There are many other ways in which you can analyze a bar chart. Ensure that you understand it completely before making investing decisions.

F. Range Bars

Range bar charts are unique since they are based on price only, and not time or any other aspect. These are not as popular as the regular time-based charts where a fixed number of bars are plotted for a fixed interval, regardless of the volatility or price movements. Range bars are designed to help traders view volatility differently and utilize it to their benefit. 

In a time-based chart, if you select the time interval as one hour, then the chart will show price activity per hour for the selected period. Even if the market goes through a lot of volatility or has high trading volumes, the number of bars plotted remains the same. However, in range bar charts, more bars are printed if the volatility is high and less if it is low. Some primary rules of range bars are:

  • Each range bar has a high-low range.
  • Each range bar opens outside the high-low range of the previous bar.
  • Each range bar closes at either its high or its low.

Here is a sample range bar chart for your reference:

As you can see, a new bar is plotted only when the preset range is fulfilled. This can help you get a clear view of how the stock’s price is moving. Further, you can identify support and resistance levels using horizontal trend lines and trending periods using up and down-trend lines. Using a range bar chart successfully requires you to spend some time observing the way it works and do some paper trading before using it for your investments.

G. Line Chart

A line chart is the most basic types of a stock chart that tracks the closing price of a stock over time. Based on the period and interval chosen by you, the closing price is represented by a dot and all dots are joined together using a line. Since it only tracks the closing price, there is no information about the day’s highs and lows and/or intraday price movements. Here is what a line chart looks like:

These charts are used by beginners to gauge if the stock is increasing or decreasing in price. It also offers a quick view about the volatility in stock price.

H. Colored Line Chart

Colored line charts offer a slightly better view of the price fluctuations by coloring the line segment red if the current interval’s closing price is lower than the previous interval and green if it is higher. This allows you to quickly assess the performance of the stock over the time period, across intervals. Here is what it looks like:

I. Heikin Ashi

Heikin Ashi is a Japanese technique used on a candlestick chart with a modified formula based on two-period averages. This creates a smoother chart, filter out unnecessary noise, and helps investors/traders identify trends and reversals with ease. In simple terms, the Heikin Ashi chart uses average price data for plotting. Hence, it is considered to be a better indicator of trends than the standard candlestick charts. Here is how it looks:

A standard candlestick chart uses the opening, closing, highest, and lowest prices that can lead to some gaps and a lot of noise in the chart. By working on averages, the Heikin Ashi chart offers a better picture of trends and reversals. This is because it averages the price data over two intervals. Hence, while in a standard candlestick chart change frequently from up to down based on market volatility; in a Heikin Ashi chart, you have more consecutive colored candles making it easier to spot trends. 
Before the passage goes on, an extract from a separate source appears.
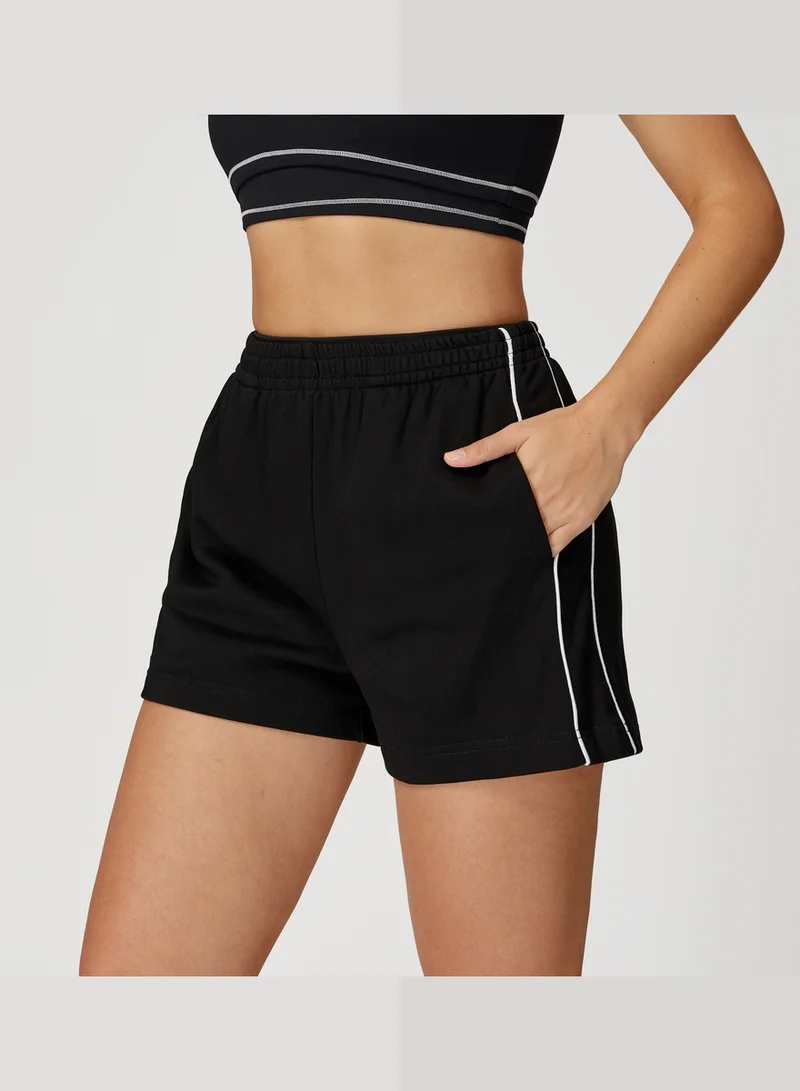 KAWN.YOGA Licorice Black High Waist Loose Fit Shorts for Women | Best Price UAE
The first chart above shows the Heikin Ashi technique used on the candlestick chart shown below. As you can observe, the Heikin Ashi chart is smoother than the candlestick chart and has more consecutive colors too. It is important to remember that the Heikin Ashi does not display the actual market price since it works on averages. Also, Heikin Ashi charts tend to stay red for longer during a down-trend and green during an up-trend.

Here are some tips to help identify opportunities using a Heikin Ashi chart:

  • Green candles with no lower wicks/shadows indicate a strong up-trend.
  • Consecutive green candles indicate an up-trend and red candles indicate a down-trend.
  • A trend change is usually indicated by candles with a small body and both upper and lower wicks. 
  • Red candles with no upper wicks indicate a strong down-trend.

J. Renko

A Renko chart is another contribution from the Japanese to stock charts. In the Japanese language, ‘Renko’ means bricks and has been named so since the chart looks like a chain of bricks. These bricks are placed at a 45-degree angle to each other when the stock price increases/decreases by a certain amount. If the price increases, the brick is colored green and red if it falls. Here is how it looks:

While these charts have a time axis, a brick is not formed based on time but only when it crosses the preset threshold. Hence, in Renko charts the movements are minimal and they offer a broad-level perspective to stock volatility. These charts are created using the closing price based on the interval chosen. 
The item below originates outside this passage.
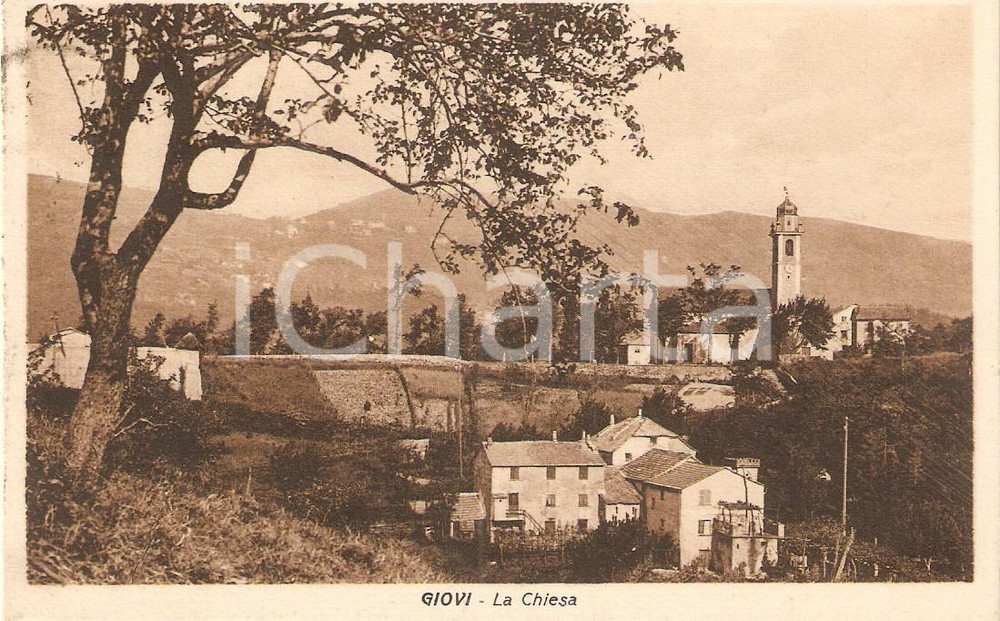 Cartolina originale da collezione 1928 MIGNANEGO Frazione GIOVI GE Chiesa dell Ascensione Cartolina FP VG 1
The simple construction of Renko charts makes it easier for investors/traders to spot trends. However, some price information is lost in this process. They are also known to be effective in spotting support and resistance levels. 

In the image above, the stock price shows a strong up-trend with a couple of dips and a subsequent dip during the end of the selected period. The two red dots in the center can be seen as excellent buying opportunities after a short pullback.

K. Mountain

A Mountain chart is primarily a Line chart with the space below the line filled with color giving the chart the appearance of a mountain range. It is also known as an Area chart. It offers all information like a standard line chart. Hence, apart from looking more colorful, mountain and line charts are the same. Here is what they look like:

L. Baseline Chart

A Baseline chart plots a line/mountain chart around a baseline determined by you. The area above the baseline is colored green and that below it is colored red. On the Groww platform, you can adjust the baseline by using a slider to the right of the screen, right next to the Y-axis as shown below:

Here is what a Baseline chart looks like:

Many traders set the baseline at the opening price of the stock to assess its movement and make buy/sell decisions accordingly.

M. Line Break Chart

Another contribution by the Japanese to stock charts, a Line Break chart is another way to reduce market noise and spot trends and reversals. Many new traders can mistaken a line break chart for a candlestick chart since they look similar. However, they are created differently and offer different sets of information. Here is how a line break chart looks:

In a line break chart, each of the candle-like blocks as can be seen above are called lines. If you look carefully, each consecutive red line has a closing price lower than the previous line. Also, each consecutive green line has a closing price higher than the previous line.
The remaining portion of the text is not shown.